Hot-electron leading-out strategy for constructing photostable HOF catalysts with outstanding H2 evolution activity

Abstract

Improving photochemical stability of hydrogen-bonded organic frameworks (HOFs) is a prerequisite for design HOF photocatalysts for efficient solar energy conversion. Herein, efficiently leading-out hot-electrons was demonstrated as a new strategy for synthesizing photostable HOFs via introducing Pt nanoparticles as electron sinks into high crystalline nano-HOFs. The resulting Pt@nano-HOF exhibits extremely high hydrogen evolution activity and photochemical stability, subverting the traditional view of “frail HOFs”. Impressively, the maximum H2 evolution rate of 31.2 mmol/g/h represents the best performance among those of various crystalline framework materials.

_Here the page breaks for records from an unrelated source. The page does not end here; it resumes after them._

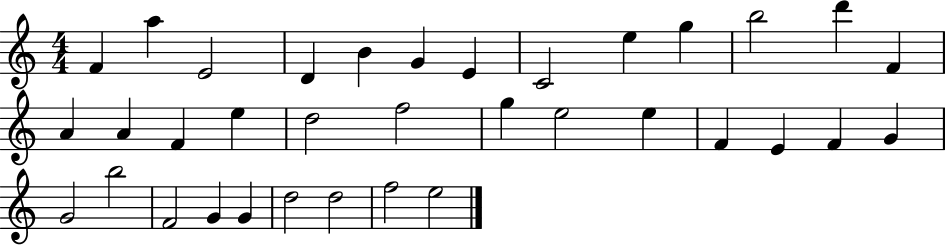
{
  \clef treble
  \numericTimeSignature
  \time 4/4
  \key c \major
  f'4 a''4 e'2 | d'4 b'4 g'4 e'4 | c'2 e''4 g''4 | b''2 d'''4 f'4 | \break a'4 a'4 f'4 e''4 | d''2 f''2 | g''4 e''2 e''4 | f'4 e'4 f'4 g'4 | \break g'2 b''2 | f'2 g'4 g'4 | d''2 d''2 | f''2 e''2 | \break \bar "|."
}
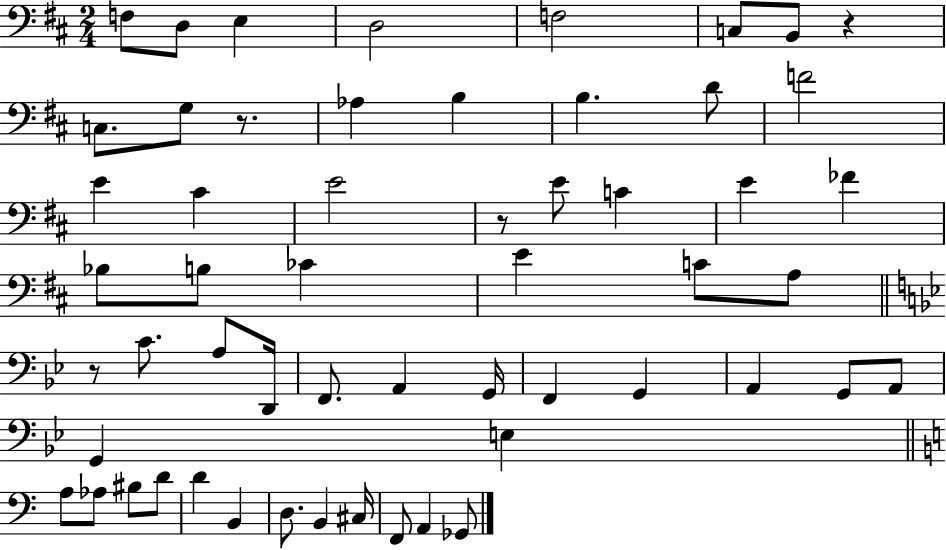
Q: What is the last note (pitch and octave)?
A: Gb2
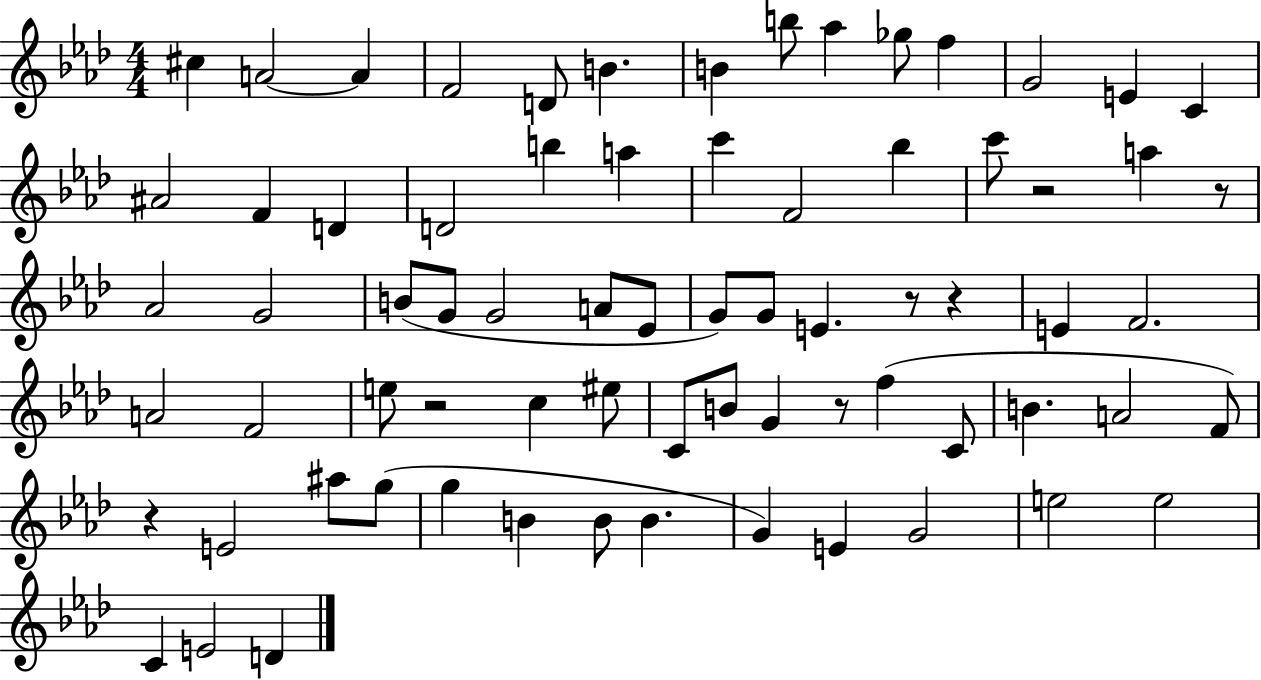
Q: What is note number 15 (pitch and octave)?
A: A#4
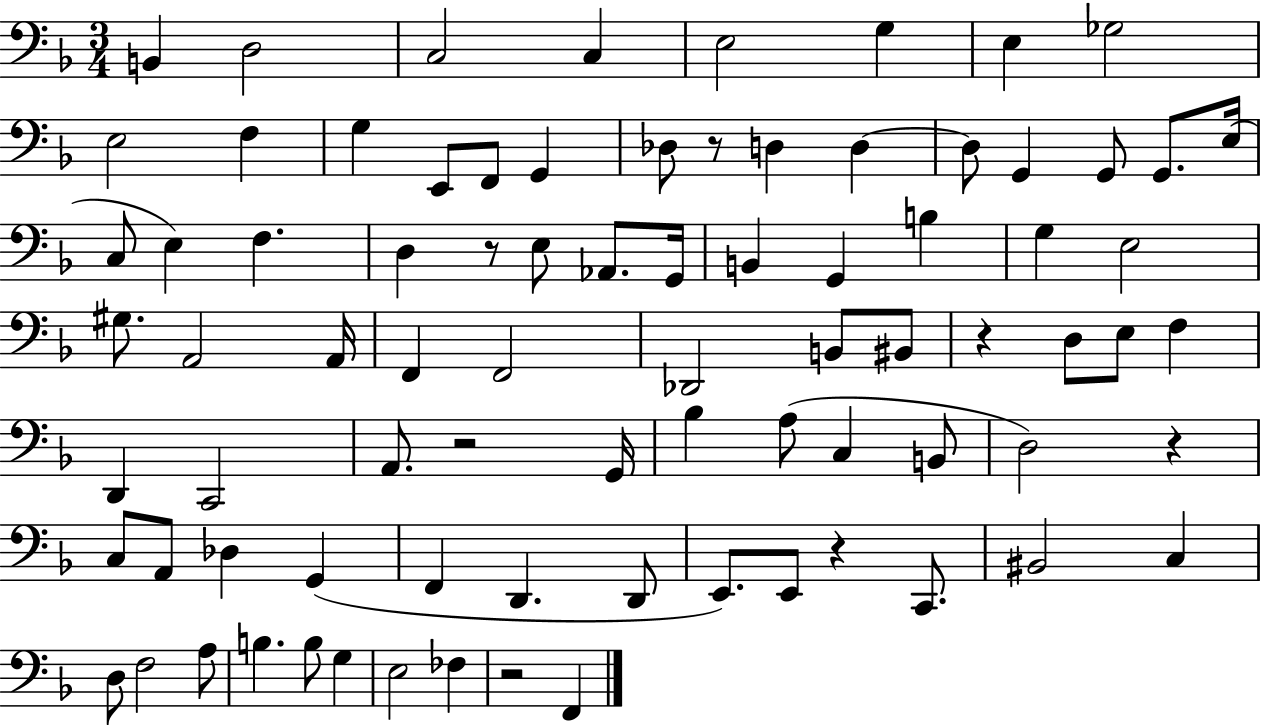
{
  \clef bass
  \numericTimeSignature
  \time 3/4
  \key f \major
  b,4 d2 | c2 c4 | e2 g4 | e4 ges2 | \break e2 f4 | g4 e,8 f,8 g,4 | des8 r8 d4 d4~~ | d8 g,4 g,8 g,8. e16( | \break c8 e4) f4. | d4 r8 e8 aes,8. g,16 | b,4 g,4 b4 | g4 e2 | \break gis8. a,2 a,16 | f,4 f,2 | des,2 b,8 bis,8 | r4 d8 e8 f4 | \break d,4 c,2 | a,8. r2 g,16 | bes4 a8( c4 b,8 | d2) r4 | \break c8 a,8 des4 g,4( | f,4 d,4. d,8 | e,8.) e,8 r4 c,8. | bis,2 c4 | \break d8 f2 a8 | b4. b8 g4 | e2 fes4 | r2 f,4 | \break \bar "|."
}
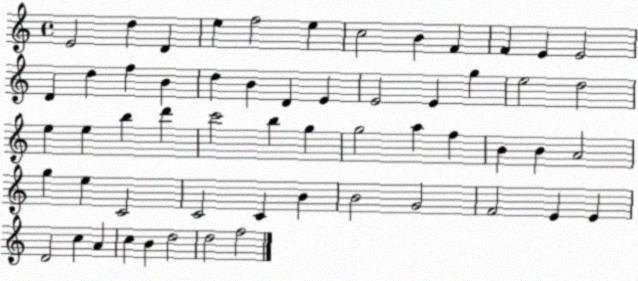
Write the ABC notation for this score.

X:1
T:Untitled
M:4/4
L:1/4
K:C
E2 d D e f2 e c2 B F F E E2 D d f B d B D E E2 E g e2 d2 e e b d' c'2 b g g2 a f B B A2 g e C2 C2 C B B2 G2 F2 E E D2 c A c B d2 d2 f2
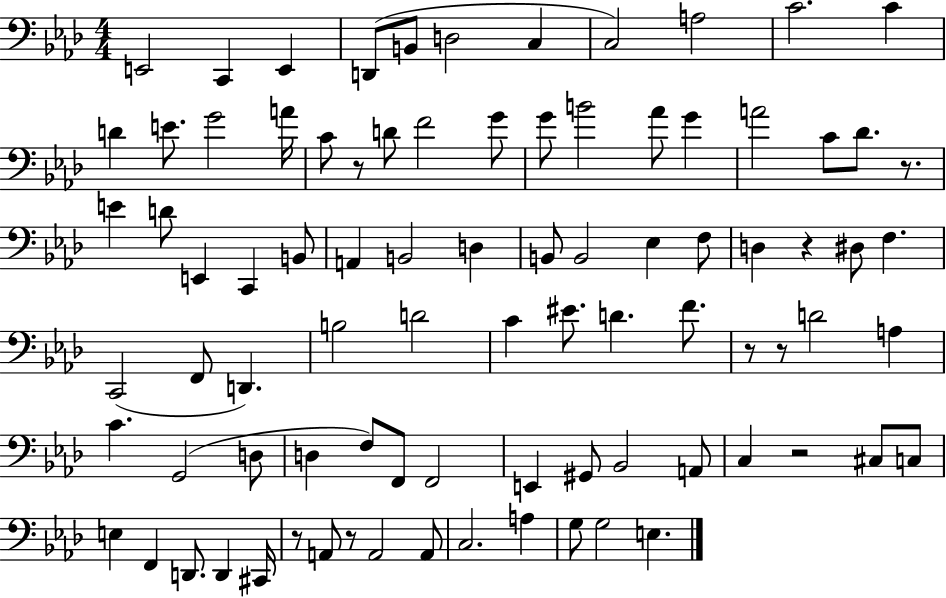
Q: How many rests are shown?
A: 8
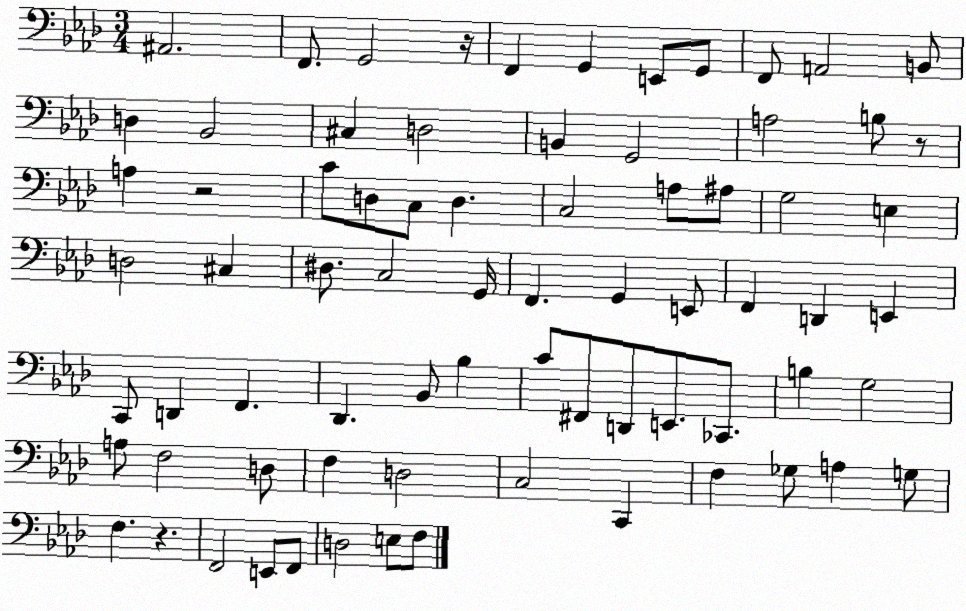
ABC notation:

X:1
T:Untitled
M:3/4
L:1/4
K:Ab
^A,,2 F,,/2 G,,2 z/4 F,, G,, E,,/2 G,,/2 F,,/2 A,,2 B,,/2 D, _B,,2 ^C, D,2 B,, G,,2 A,2 B,/2 z/2 A, z2 C/2 D,/2 C,/2 D, C,2 A,/2 ^A,/2 G,2 E, D,2 ^C, ^D,/2 C,2 G,,/4 F,, G,, E,,/2 F,, D,, E,, C,,/2 D,, F,, _D,, _B,,/2 _B, C/2 ^F,,/2 D,,/2 E,,/2 _C,,/2 B, G,2 A,/2 F,2 D,/2 F, D,2 C,2 C,, F, _G,/2 A, G,/2 F, z F,,2 E,,/2 F,,/2 D,2 E,/2 F,/2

The acceleration of hot-electron transfer can be also achieved by introducing a planar [Co(qpy)(OH2)2]2+ molecule to form π-π stacking with framework, reaching a record H2 evolution rate of 14.8 mmol/g/h among all the covalent-/metal-organic framework and HOF-based photocatalysts without any noble metal components. This work highlights a new insight for improving the photochemcial stability of the catalysts, even for particularly unstable HOFs.